Maybe great quarterbacking isn't the Holy Grail of winning a Lombardi Trophy, after all?

Caution: hot take coming.

The Denver Broncos just won Super Bowl 50 with a record low 194 yards of total offense, and I say this is good news for the Eagles, along with every other poor–to-middling NFL team.

For quite a few years now, my guiding principle has been that you need great quarterbacking to win the Super Bowl. Look at the names of the winning QBs over the past decade plus: Manning, Brady, Rodgers, Brees, Roethlisberger, Wilson and Flacco. And whatever you think of Joe Flacco overall, the year he won it, he had one of the best playoff runs of any QB in NFL history.

A whole bunch of people were tweeting Sunday night about how defense wins championships. A couple of years ago, I might have rolled my eyes. For much of the 2000s, this simply wasn't true. The best that could be said of the Saints' defense, the year Brees won, was that they had a knack for coming up with timely turnovers. New Orleans had the No. 1 offense and the No. 25 defense in 2009.

Three years earlier, Peyton Manning won his first Super Bowl. The Indianapolis Colts fielded the No. 3 offense in the league that year, along with the No. 21 defense.

If you'd asked me then whether defense or dominant quarterbacking is a bigger factor in winning championships, I'd absolutely have gone for the quarterbacking.

But the game is always changing. The era I just finished citing was preceded by a brief period when QBs such as Trent Dilfer and Brad Johnson won Super Bowls for Baltimore and Tampa Bay teams that rode dominant defenses. Maybe, in a 2016 NFL that lacks a big crop of elite QBs heading into their primes, we're headed back in that direction.

Why would that be good news for the Eagles (and the Redskins, and a lot of teams)? Because a great quarterback is harder to conjure up than a great defense. The Eagles just hired a highly regarded defensive coordinator, in Jim Schwartz. They're going back to a 4-3 setup that should maximize their considerable talent up front, led by Fletcher Cox, one of the NFL's truly elite d-linemen. No, they aren't on the level of Denver defensively – but neither was Denver, a couple years ago, when the Broncos got blown out of the Super Bowl by the Seahawks.

You can build a great defense, without "tanking" for a high pick – an absurd notion in the NFL anyway.

To anyone who says you can't win a Super Bowl with Sam Bradford at the helm, I would offer in rebuttal Peyton Manning's 2015 season.

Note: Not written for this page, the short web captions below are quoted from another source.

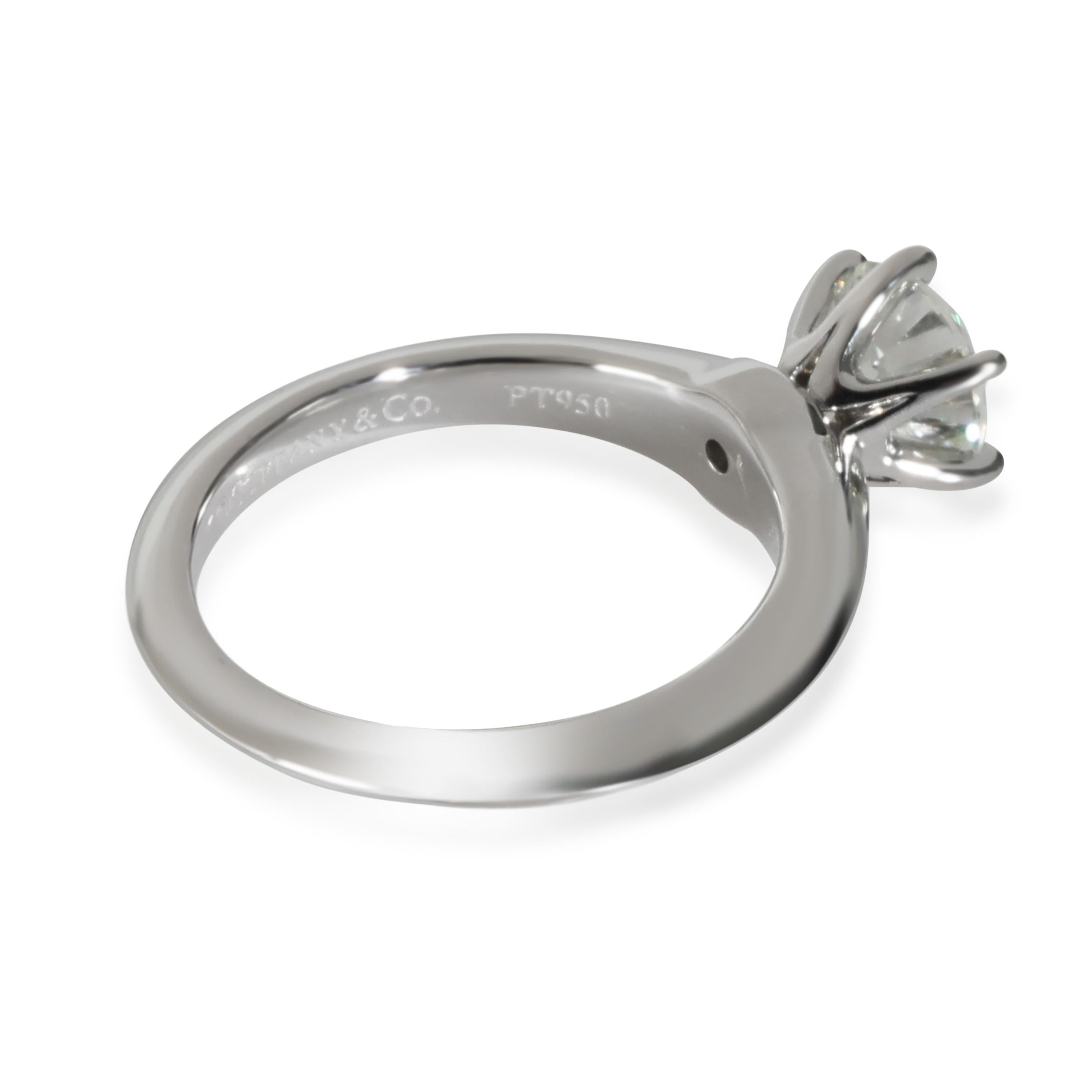 Tiffany & Co. Bague de fiançailles solitaire de Tiffany  Platine H VS2 1,02 CTW Pour femmes en vente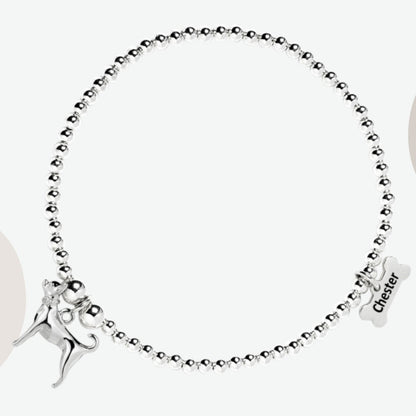 Chihuahua Silver Ball Bead Bracelet - Personalised - MYLEE London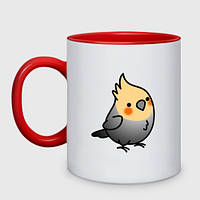 Чашка с принтом двухцветная «Папугай» (цвет чашки на выбор)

Not his career, certainly, but his 2015 season.

Manning's passer rating was 67.9, as Paul Domowitch pointed out in Monday's Daily News. He was the NFL's 35th-ranked passer, and he didn't light it up in the postseason, either. Most of the second half Sunday night, Gary Kubiak seemed terrified Manning might do something to lose the game. Manning attempted seven passes after halftime.

Manning turned the ball over twice and didn't throw a touchdown pass. I'm pretty sure you could have tossed Bradford in there, instead of Manning, with Denver's defense and special teams edge, and the Broncos still would have won. The Panthers couldn't run, couldn't protect their quarterback, and couldn't win. (Of course, there might lie a pretty significant issue for the Eagles, as well, but good o-linemen also are easier to find than franchise QBs.)

For a while, rules changes and a great group of QBs seemed to make the NFL an offensive league, a quarterback's league. Not sure that's where we are today  – especially in an era when the league seems determined to take away big catches through overscrutiny on HD replay. (Anybody ever remember watching Lynn Swann's acrobatic catches in the '70s and wondering if the ball "moved"? Jerry Rice? Randy Moss? This requirement that the ball remain frozen like a paused video while a receiver rolls and tumbles is a recently conceived absurdity that does nothing to make the game better.)

But until the league makes more changes to free up offenses again, the Seahawks  of two years ago and this year's Broncos seem to herald a rebirth of defense-first title teams. That might make for a boring-looking product, but it ought to give many teams hope. Even this city's team.